Perché il destino quel giorno non era davvero dalla sua parte. Certo, era sabato, estate e di esami non ce n’erano ma c’erano almeno trenta studenti in sala consultazione. Perché nessuno l’ha sentita? Semplicemente perché le sue grida di aiuto sono state coperte dagli operai a pochi passi dal bagno che stavano lavorando con il martello pneumatico a mezzogiorno. Gli stessi, rintracciati dalla mobile e interrogati, non avevano nessuna traccia di sangue sui vestiti che sono stati sequestrati. E non hanno vestito o sentito nulla. Era da escludere la rapina, perché dalla sua borsetta non sono stati sottratti né i soldi e neppure alcuni gioielli di valore che indossava dal suo corpo. Anche il tentativo di violenza sessuale è stato poi escluso dall’autopsia. Qualcuno l’avrà seguita, forse uno spostato.
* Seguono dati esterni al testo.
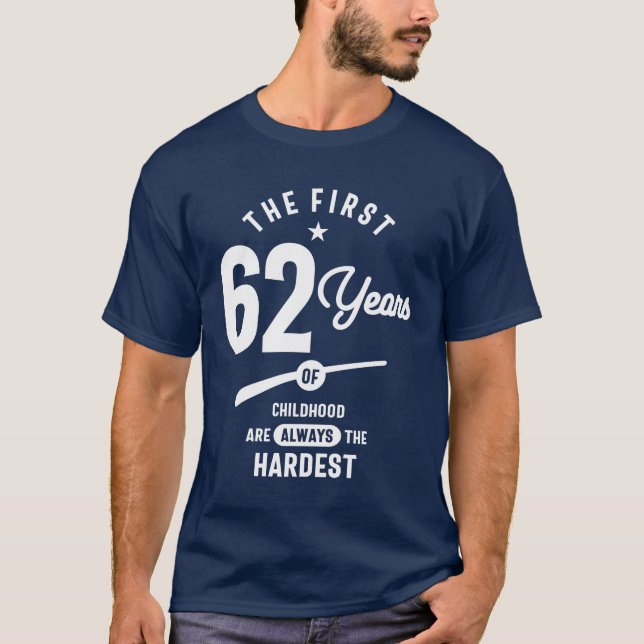Camiseta Presente De 62 Anos | 62.o Aniversário - Dar Ideia (Frente)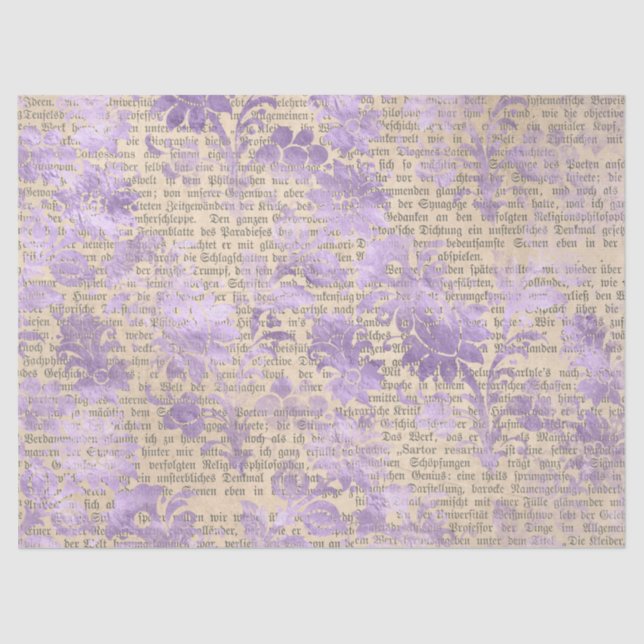 Papel De Seda Ephemera Lavendar Paper Series Design 14 (Frente )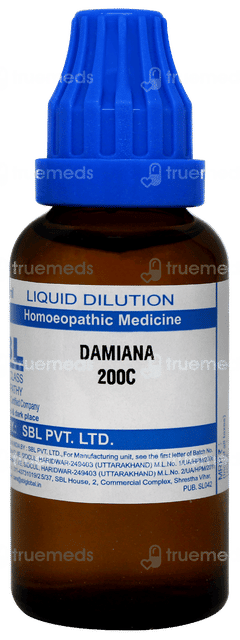Sbl Damiana 200c Dilution 30ml Sbl Damiana 200c Dilution 30ml
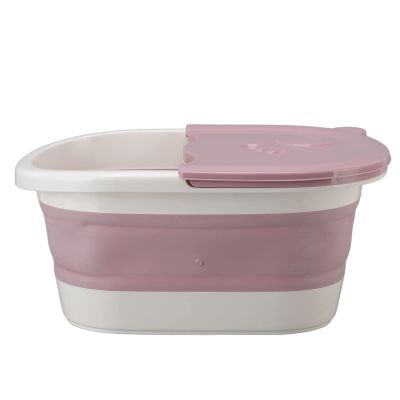aqxreight Foot Soaking Tub Foldable Foot Bath for Adults and Kids Portable Foot Wash Basin with Deep Design Sturdy Plastic Construction for Home Use Compatible with Essential Oils and Epsom Salts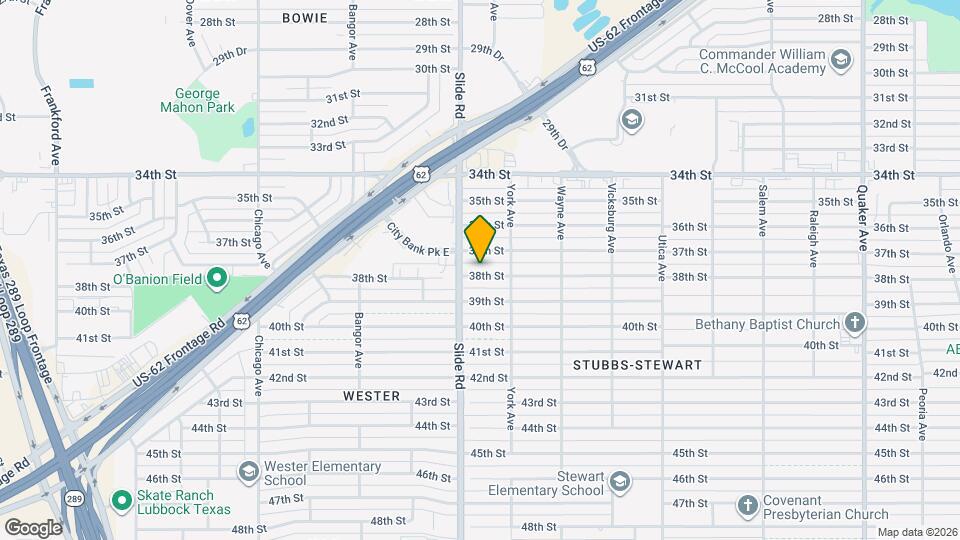 5116 38th St Map and Location Details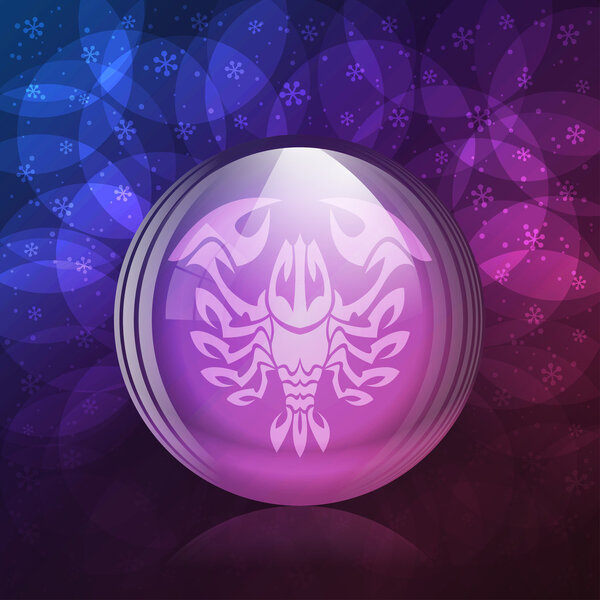 Люминесцентный снежный шар
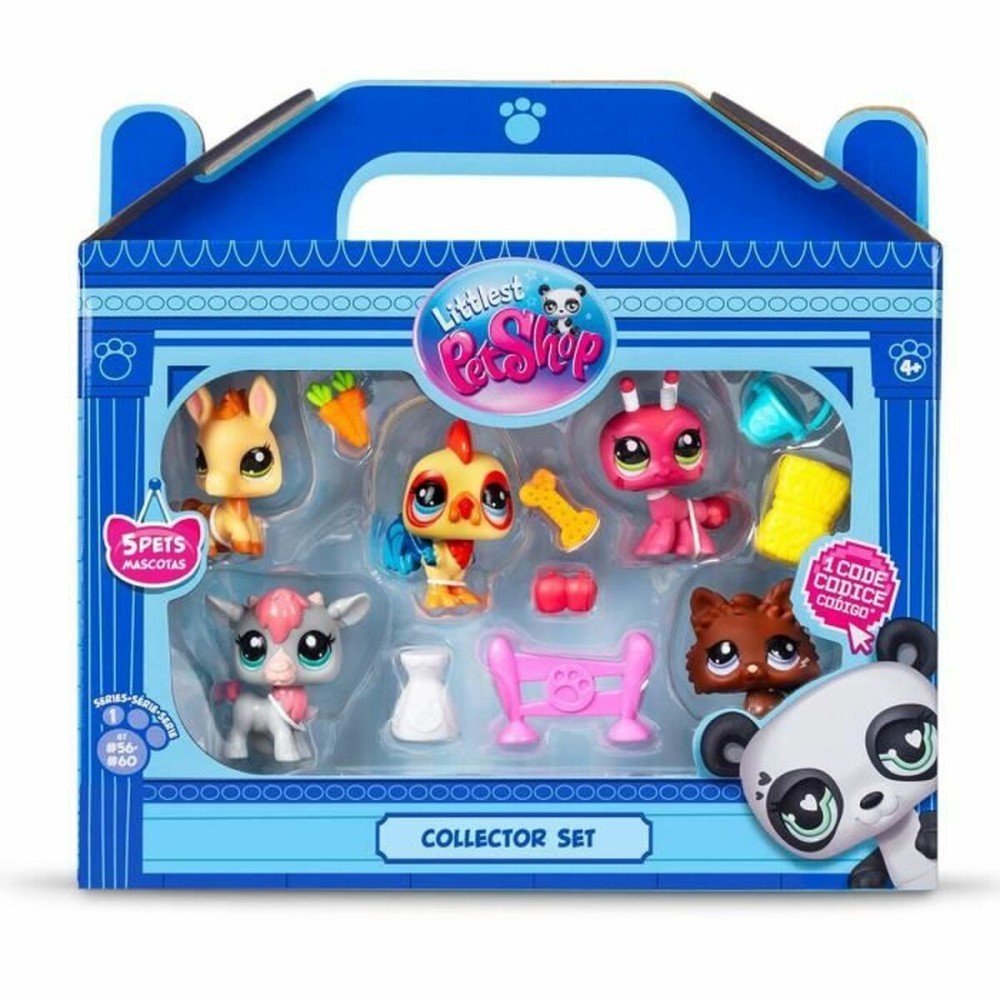 Figurines Articulées Bandai Littlest Pet Shop Plastique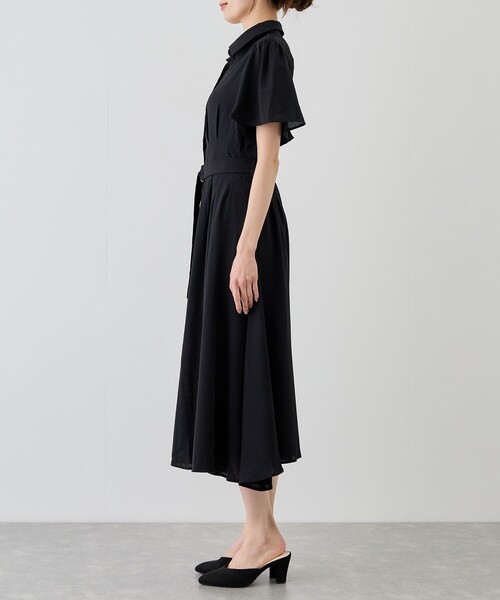 Jayro(ジャイロ)の「ウエストタックシャツワンピース(シャツ/ブラウス・レディース・ブルー系その他4/ネイビー/ブラック/チャコールグレー・M)」の5枚目の写真
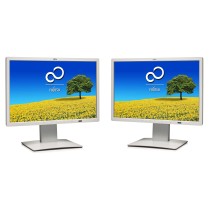 Doppelpack 2 x Fujitsu B24W-7 LED 24 Zoll 16:10 Full-HD A-Ware 1920x1200 VGA DVI DP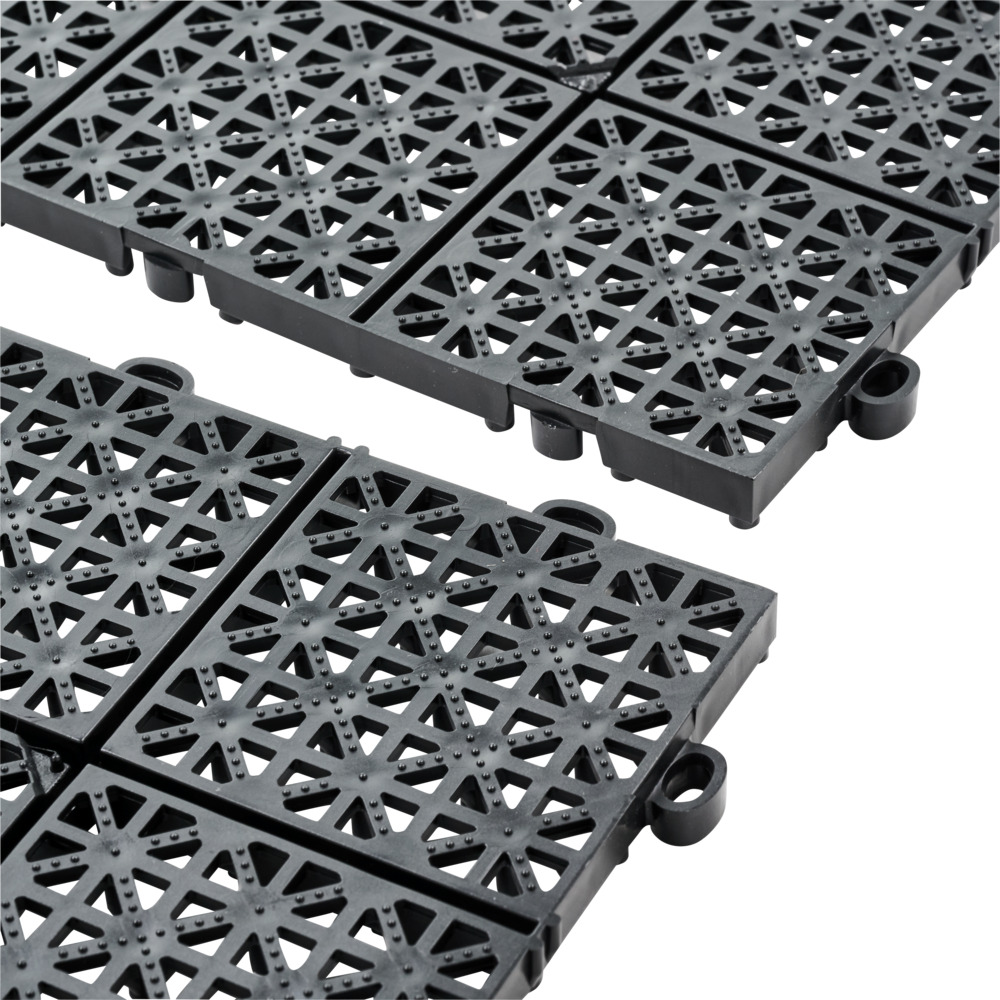 Klick-Bodenfliesen-Set 11 St&uuml;ck 30 x 30 x 1 cm Kunststoff image number 3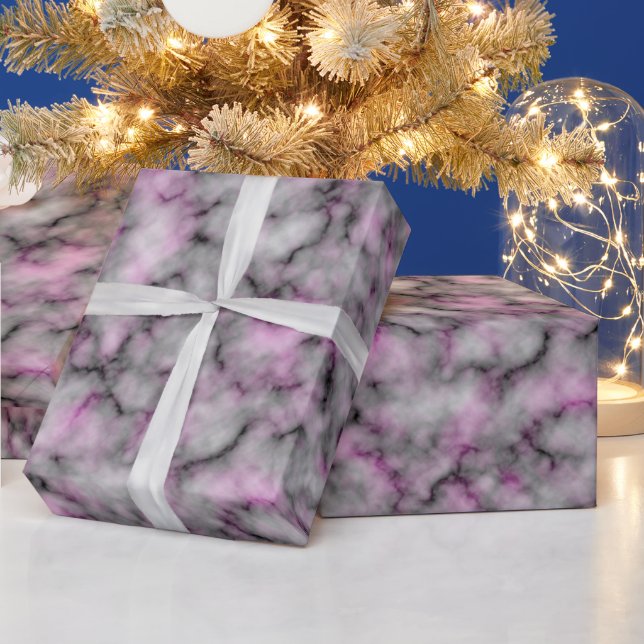 Papel De Regalo Marble moderno elegante de lujo (Vacaciones)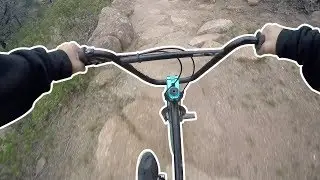 Down hill riding on a bmx *YOU YANGS*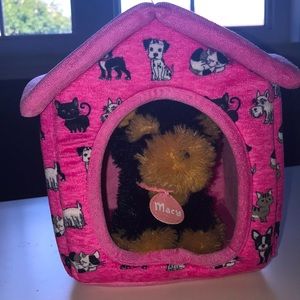 Brand new justice dog house and play dog for sale!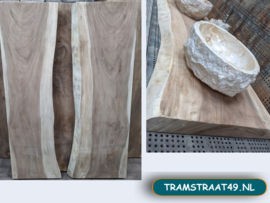 Wastafelblad suar natural 100 cm lang I diverse afmetingen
Certo è che il suo è stato un omicidio furioso, forse scatenato da un rifiuto. C’era un uomo seduto sulla panchina del chiostro de La Cattolica quel sabato mattina, è stato visto dal custode che lo ha fatto uscire: stempiato, capelli mossi e zigomi schiacciati. Non verrà mai identificato. Un altro uomo strano è stato visto scendere dalla scala da alcuni studenti, fischiava forte e camminava in modo strano. Due giorni prima un altro uomo alto ha seguito due dipendenti della segreteria e le ha aggredite con frasi volgari. Le ha aspettate di sotto, all’uscita dal lavoro. Alcune studentesse di Novara sono state infastidite in treno da un uomo rivisto nei corridoi dell’Università. Quest’uomo fissava sempre le ragazze e le approcciava, maneggiando un coltello che teneva in borsa ma anche questa pista non ha portato a nulla. Decine di mitomani si sono autoaccusati: detenuti, studenti. Sono arrivate anche delle lettere anonime di cui una nel 1993 al dottor Serra, il questore di allora. In questa lettera è stato accusato un sacerdote ma non è stato trovato nessun riscontro rispetto alla morte di Simonetta.